Что же до будущего, то здесь нарастала у Чехова всем памятная гиперболическая поэтика больших, говоря его словом в записи о любви, громадных чисел. Чеховская футурология—эсхатология, говоря по—нынешнему, «в одном флаконе». Либо чёрная треплевская фантазия о смерти всего, кроме одной неприкаянной мировой души («… и пусть нам приснится то, что будет через двести тысяч лет! – Через двести тысяч лет ничего не будет. – Так вот пусть изобразят нам это ничего»), либо отдалённо—будущая новая жизнь: «Через двести—триста, наконец, тысячу лет – дело не в сроке – настанет новая, счастливая жизнь». Вершинин «философствует» («Если не дают чаю, то давайте хоть пофилософствуем») – типичное жалкое философствование милых чеховских персонажей. Какова эта лёгкость хронологического скачка через сотни лет! По сравнению с этими чеховскими – или его персонажей – мечтательными сроками («дело не в сроке») знаменитый гоголевский прогноз о Пушкине как русском человеке через двести лет кажется чем—то вроде реального проекта (который уже не сбылся в связи с недавним двухсотлетним пушкинским юбилеем, так что всё—таки можно было его проверить). Грандиозная энтропическая тенденция этой чеховской – или его персонажей – мечтательности, этих мелькающих по его текстам больших нулей, риторика—гиперболика в разрыве с чеховской же поэтикой малых величин, поэтикой – «микроникой»,[627]
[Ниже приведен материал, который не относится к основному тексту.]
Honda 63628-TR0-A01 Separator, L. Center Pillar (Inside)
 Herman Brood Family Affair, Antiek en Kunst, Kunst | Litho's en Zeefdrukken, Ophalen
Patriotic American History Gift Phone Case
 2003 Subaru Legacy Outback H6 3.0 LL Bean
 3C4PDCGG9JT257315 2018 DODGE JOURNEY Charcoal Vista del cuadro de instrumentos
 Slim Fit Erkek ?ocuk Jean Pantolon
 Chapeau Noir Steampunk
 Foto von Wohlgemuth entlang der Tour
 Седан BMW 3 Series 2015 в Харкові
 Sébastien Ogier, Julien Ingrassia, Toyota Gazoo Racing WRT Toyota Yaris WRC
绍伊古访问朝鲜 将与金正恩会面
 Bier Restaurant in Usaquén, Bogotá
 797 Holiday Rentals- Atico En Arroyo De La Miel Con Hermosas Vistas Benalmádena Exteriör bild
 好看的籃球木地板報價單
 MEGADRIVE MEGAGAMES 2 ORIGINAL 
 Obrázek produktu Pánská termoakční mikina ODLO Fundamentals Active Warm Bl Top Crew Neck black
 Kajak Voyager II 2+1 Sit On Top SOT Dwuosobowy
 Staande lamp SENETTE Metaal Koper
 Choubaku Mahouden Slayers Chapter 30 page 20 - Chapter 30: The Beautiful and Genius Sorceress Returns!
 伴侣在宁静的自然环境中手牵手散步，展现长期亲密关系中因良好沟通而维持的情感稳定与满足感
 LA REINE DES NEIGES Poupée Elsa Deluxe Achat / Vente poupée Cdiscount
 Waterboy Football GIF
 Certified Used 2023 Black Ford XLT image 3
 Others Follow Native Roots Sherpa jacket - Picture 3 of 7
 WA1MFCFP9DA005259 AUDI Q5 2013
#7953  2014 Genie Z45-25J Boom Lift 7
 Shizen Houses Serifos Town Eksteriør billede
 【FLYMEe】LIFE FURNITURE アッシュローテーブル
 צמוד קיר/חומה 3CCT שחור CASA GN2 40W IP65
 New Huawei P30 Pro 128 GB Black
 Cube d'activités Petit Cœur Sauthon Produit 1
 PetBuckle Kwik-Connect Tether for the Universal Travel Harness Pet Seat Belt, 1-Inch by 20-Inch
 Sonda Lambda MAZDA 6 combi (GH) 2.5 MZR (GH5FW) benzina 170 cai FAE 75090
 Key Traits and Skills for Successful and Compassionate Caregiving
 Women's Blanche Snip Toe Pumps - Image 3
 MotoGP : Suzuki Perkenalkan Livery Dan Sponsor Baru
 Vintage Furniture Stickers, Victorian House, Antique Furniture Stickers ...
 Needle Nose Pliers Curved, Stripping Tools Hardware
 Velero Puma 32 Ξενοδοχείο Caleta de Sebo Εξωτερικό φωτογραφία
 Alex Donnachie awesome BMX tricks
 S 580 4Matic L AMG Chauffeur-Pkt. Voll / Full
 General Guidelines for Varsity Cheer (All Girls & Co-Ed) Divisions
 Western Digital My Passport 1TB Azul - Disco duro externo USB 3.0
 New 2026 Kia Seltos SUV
чеховской «квантовой метафизикой», по—своему предварившей научную тенденцию к исследованию микрообъектов в ХХ веке. В одном месте есть у него ответ «из вечности» на вопросы о будущем с большими сроками – народный ответ старой няни Астрову на вопрос, помянут ли нас через сто—двести лет те, кому мы теперь пробиваем дорогу. «Марина. Люди не помянут, зато Бог помянет. Астров. Вот спасибо. Хорошо ты сказала».Но вот уже упомянутое почти предсмертное письмо Дягилеву – продолжаем читать его: «Теперешняя культура – это начало работы во имя будущего, работы, которая будет продолжаться, быть может, ещё десятки тысяч лет для того, чтобы хотя в далёком будущем человечество познало истину настоящего Бога – т. е. не угадывало бы, не искало бы в Достоевском, а познало ясно, как познало, что дважды два есть четыре» (11, 106).
Это уже не Вершинин, а Чехов, а то же – «десятки тысяч лет». Та же мечтательная риторика «далёкого будущего» – уже прямо чеховская. Жизнь, «как должна быть», по—треплевски слившаяся с представляющейся в мечтах. И – открытый выпад против Достоевского, устами подпольного человека сказавшего, что «дважды два четыре есть уже не жизнь, господа, а начало смерти».[628]
По прямому сближению имени Достоевского с этим позитивистски и почти агрессивно самоутверждающимся «дважды два» видно, что это место у Достоевского он помнил и отрицательно скрыто цитировал («Он хотел убить в нас Достоевского»: вспомним Анненского). В письме Дягилеву Чехов не верит в «религиозное движение» в интеллигенции, а верит в культуру, которая и приведёт «в далёком будущем» к познанию «настоящего Бога» – вместо, по—видимому, исторического христианства как уже «пережитка» или «остатка». «Настоящего Бога» – что—то это напоминает нам из Священной истории, которую Чехов знал хорошо. Напоминает «неведомого Бога» язычников – жертвенник, который апостол Павел видел в Афинах и истолковал как обращение к «настоящему», христианскому Богу, которому афиняне поклоняются, не зная его (Деяния апостолов, 17, 23). Событие, кажется, вновь должно повториться – двухтысячелетний исторический цикл повторится ещё через «десятки тысяч лет»: таков хронологический мечтательный чеховский горизонт. Человечество вновь опознает Бога без имени как «настоящего Бога», не «угаданного», а рационально, «ясно» познанного в результате культурного творчества. Не угаданного верой, а доказанного разумом и культурой. Биографически—хронологически это, кажется, итоговое философское высказывание Чехова.